Energy balance

The most general means of evaluating whether or not a simulation is producing an appropriate quasi-static response involves studying the various model energies. The following is the energy balance equation in Abaqus/Explicit:

EI+EV+EFD+EKE+EIHE-EW-EPW-ECW-EMW-EHF=Etotal=constant,
where EI is the internal energy, EV is the viscous energy dissipated, EFD is the frictional energy dissipated, EKE is the kinetic energy, EIHE is the internal heat energy, EW is the work done by the externally applied loads, and EPW, ECW, and EMW are the work done by contact penalties, by constraint penalties, and by propelling added mass, respectively. EHF is the external heat energy through external fluxes. The sum of these energy components is Etotal, which should be constant. In the numerical model Etotal is only approximately constant, generally with an error of less than 1%.

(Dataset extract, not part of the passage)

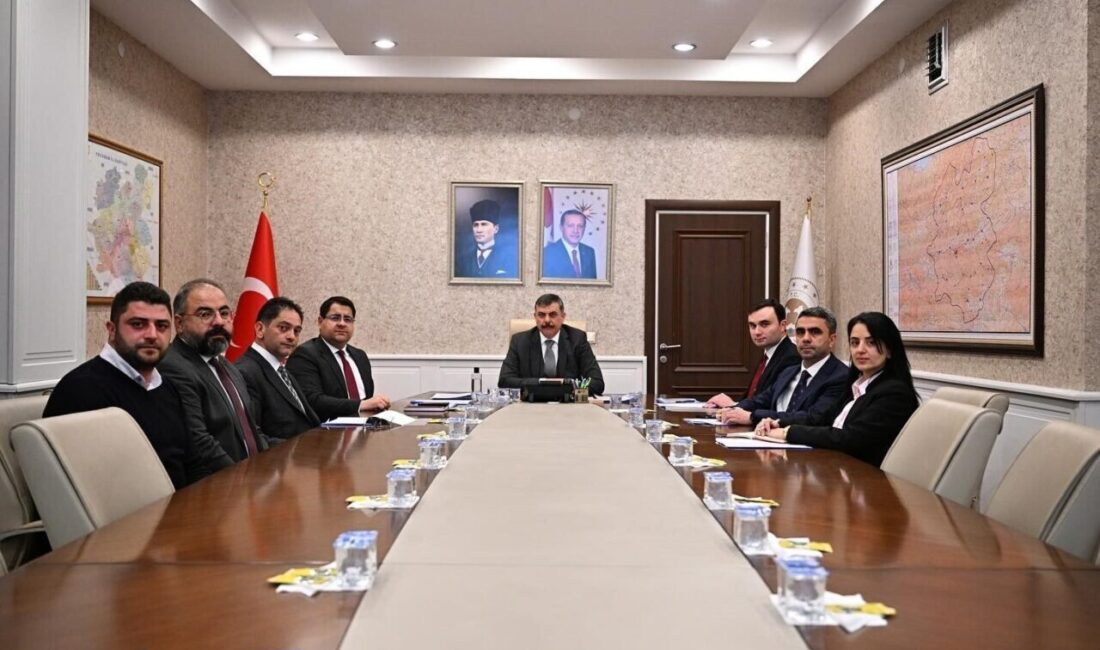 Erzurum’da Soğuk Süt Zinciri Projesi İçin Toplantı Gerçekleştirildi Erzurum’da Vali Mustafa Çiftçi liderliğinde gerçekleştirilen toplantıda, Soğuk Zincir Süt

To illustrate energy balance with a simple example, consider the uniaxial tensile test shown in Figure 1.

Figure 1. Uniaxial tensile test.

The energy history for the quasi-static test would appear as shown in Figure 2.

Figure 2. Energy history for quasi-static tensile test.

If a simulation is quasi-static, the work applied by the external forces is nearly equal to the internal energy of the system. The viscously dissipated energy is generally small unless viscoelastic materials, discrete dashpots, or material damping are used. We have already established that the inertial forces are negligible in a quasi-static analysis because the velocity of the material in the model is very small. The corollary to both of these conditions is that the kinetic energy is also small. As a general rule the kinetic energy of the deforming material should not exceed a small fraction (typically 5% to 10%) of its internal energy throughout most of the process.

When comparing the energies, remember that Abaqus/Explicit reports a global energy balance, which includes the kinetic energy of any rigid bodies with mass. Since only the deformable bodies are of interest when evaluating the results, the kinetic energy of the rigid bodies should be subtracted from Etotal when evaluating the energy balance.

For example, if you are simulating a transport problem with rolling rigid dies, the kinetic energy of the rigid bodies may be a significant portion of the total kinetic energy of the model. In such cases you must subtract the kinetic energy associated with rigid body motions before a meaningful comparison with internal energy can be made.